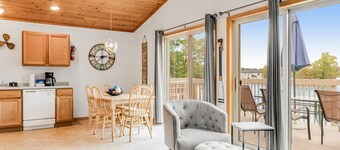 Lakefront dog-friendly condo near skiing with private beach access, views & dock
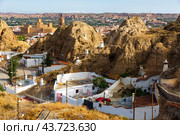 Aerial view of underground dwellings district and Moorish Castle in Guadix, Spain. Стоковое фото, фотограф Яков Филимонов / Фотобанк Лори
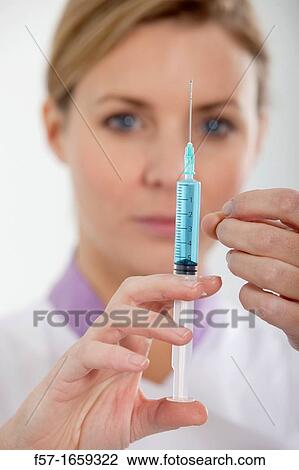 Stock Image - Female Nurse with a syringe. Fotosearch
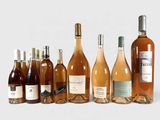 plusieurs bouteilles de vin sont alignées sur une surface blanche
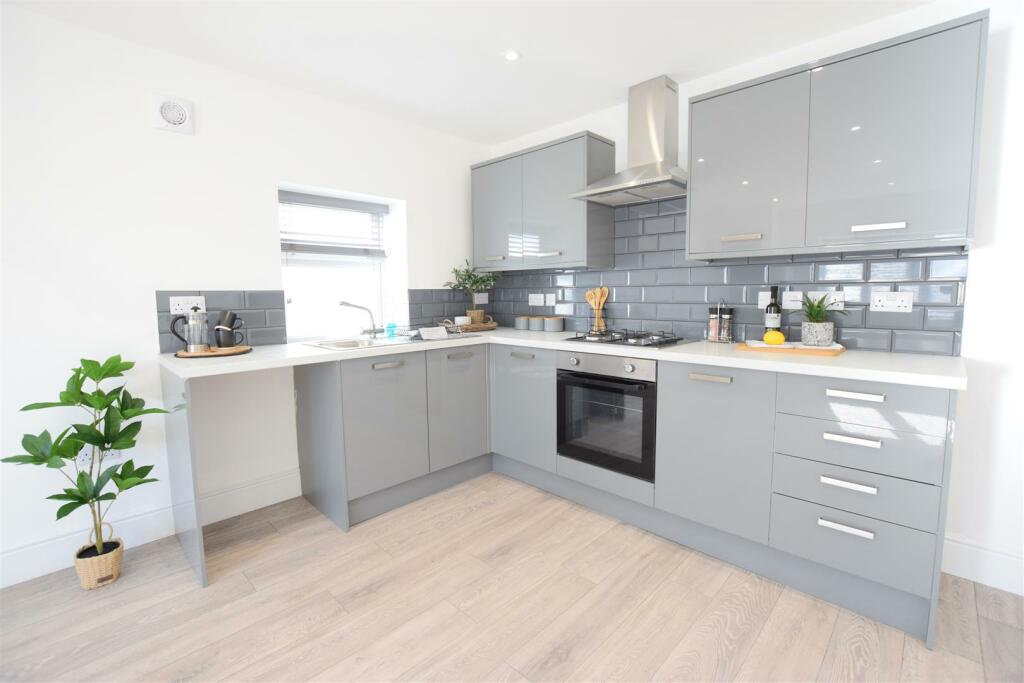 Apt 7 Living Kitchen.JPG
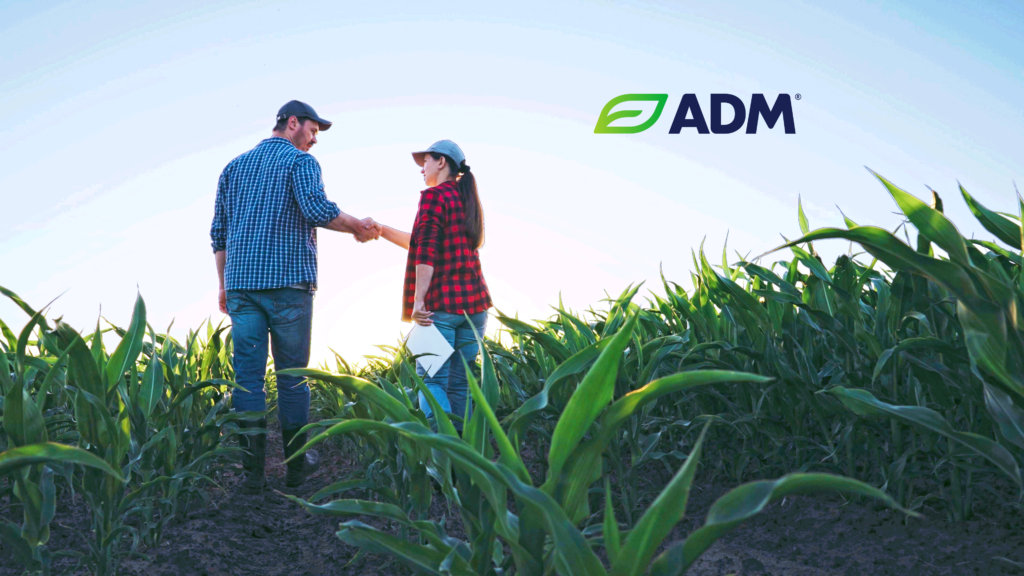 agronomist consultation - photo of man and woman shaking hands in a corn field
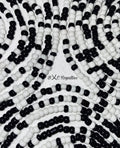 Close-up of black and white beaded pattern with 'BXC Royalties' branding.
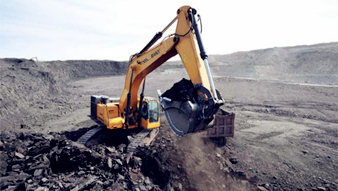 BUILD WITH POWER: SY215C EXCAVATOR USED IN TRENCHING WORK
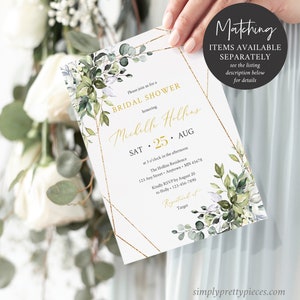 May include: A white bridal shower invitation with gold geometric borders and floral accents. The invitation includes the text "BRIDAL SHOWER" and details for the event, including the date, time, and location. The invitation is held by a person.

####

Task to carry out
Please reproduce the data above word for word, skipping all images.

Your solution
 Lakefront dog-friendly condo near skiing with private beach access, views & dock
 Aerial view of underground dwellings district and Moorish Castle in Guadix, Spain. Стоковое фото, фотограф Яков Филимонов / Фотобанк Лори
 Stock Image - Female Nurse with a syringe. Fotosearch
 plusieurs bouteilles de vin sont alignées sur une surface blanche
 Apt 7 Living Kitchen.JPG
 agronomist consultation - photo of man and woman shaking hands in a corn field
 Close-up of black and white beaded pattern with 'BXC Royalties' branding.
 BUILD WITH POWER: SY215C EXCAVATOR USED IN TRENCHING WORK
 May include: A white bridal shower invitation with gold geometric borders and floral accents. The invitation includes the text "BRIDAL SHOWER" and details for the event, including the date, time, and location. The invitation is held by a person.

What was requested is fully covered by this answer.